Laura eRRe entrevistó a Lucía Martínez-Ostos en nuestro Brunch Online y esto fue lo que nos platicó:


¿Cómo es que nace Troquer?

Todo empezó porque yo tengo años intercambiando ropa con mis amigas; sacábamos piezas que ya no usábamos y nos reuníamos para intercambiarlas. Entonces, esa fue la inspiración de Troquer.


Recuerdo caminar por la calle y decir: “Qué delicia estar estrenando, sin haber gastado dinero. Creo que todos deberían sentir esto”. Y al mismo tiempo, ver la situación del consumo de moda, donde en una tienda departamental hay anaqueles y anaqueles de ropa y te preguntas: ¿dónde va a acabar todo eso?


Entonces, fue una mezcla de lo que vivía con mis amigas, y ver un problema de un exceso de ropa, que me llevó a darme cuenta que ahí había una oportunidad para desarrollar algo.


Me fui a Nueva York y empecé a investigar, a conocer las compras en línea y a ver cómo funcionan las tiendas de segunda mano. Así es como comencé a trabajar en el proyecto


Regreso a México y le platico la idea a Ytzia. A ella le encantó. Ambas nos complementamos porque yo soy muy creativa y ella es más numérica, entonces, nos asociamos. Y así surge Troquer.

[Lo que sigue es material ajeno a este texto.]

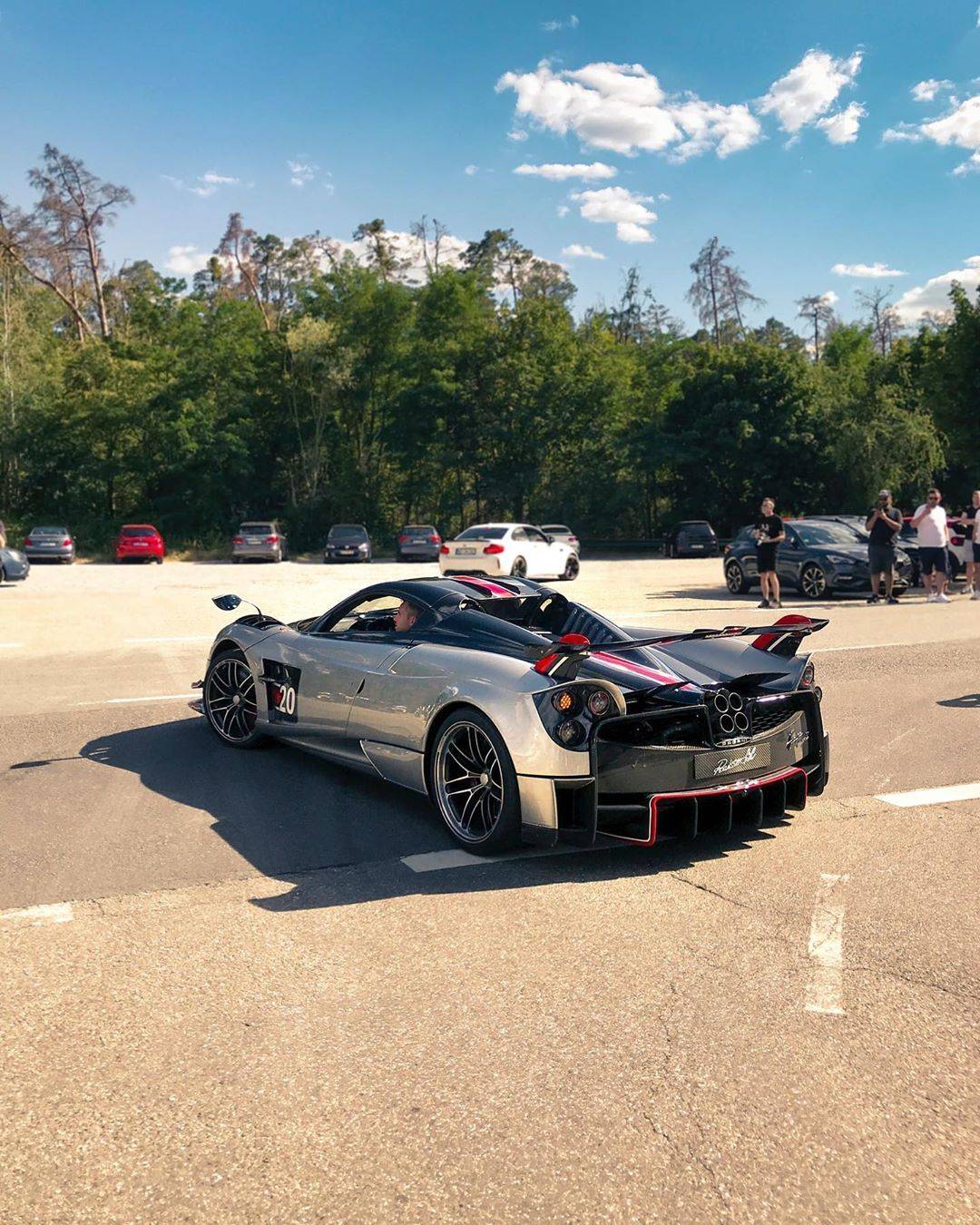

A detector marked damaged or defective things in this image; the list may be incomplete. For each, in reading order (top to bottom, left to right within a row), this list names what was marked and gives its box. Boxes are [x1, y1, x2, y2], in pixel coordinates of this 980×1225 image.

cracked pavement [2, 561, 980, 1220]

¿Cómo es que tú diseñas este modelo de negocios?

Es algo parecido a la compra y venta de coches. Nos dimos cuenta que había muchas personas que tenían piezas en su clóset que no usaban y que podían monetizar. Entonces, literal unimos a compradores con vendedores en una plataforma, en donde puedes comprar y vender artículos de diseñador.

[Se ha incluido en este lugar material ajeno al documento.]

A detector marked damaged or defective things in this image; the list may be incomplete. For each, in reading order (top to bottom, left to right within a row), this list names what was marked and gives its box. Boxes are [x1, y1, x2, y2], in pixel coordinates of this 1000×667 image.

Como vendedor sacas las piezas de tu clóset y nosotros te las compramos; por el lado del comprador, tienes acceso a estas piezas que quizá, no te puedes comprar porque priorizas otros gastos. Lo que hace Troquer, es que está democratizando la moda de diseñador.


El modelo de negocios está alineado con la economía circular.


¿Cuál ha sido el mayor reto al que se han enfrentado?

El primer reto fue que, había mucha desconfianza de comprar en línea cuando empezamos en 2013. Entonces, debíamos convencer a la gente de perder el miedo y comprar en Troquer.

El segundo reto era que compraran de segunda mano. Tuvimos que cambiar esa mentalidad y educar a los clientes, haciéndoles ver que su compra era muy inteligente. Tuvimos que hacer mucho storytelling para platicar, convencer y explicar.


Otro reto es que nos enfocamos en el comprador, porque tenemos que buscar la rentabilidad y vender. De cierta forma. la oferta llegaba sola, porque había una necesidad real de gente que tenía ropa que no usaba, y no sabía qué hacer con ella. Entonces, descuidamos un poquito al vendedor, siendo que son personas que exigen el mejor servicio.


Solíamos ser una empresa centrada en el producto, pero ahora vamos a enfocarnos en el cliente, que ese es el futuro de las empresas: enfocarse en el cliente.


¿Cómo es que hacen la curaduría de los productos?

Tenemos que revisar que las prendas no estén rotas, o muy maltratadas. Muchas veces regresamos ropa porque tienen detalles, que si se arregla, otorgan mayor valor a las piezas.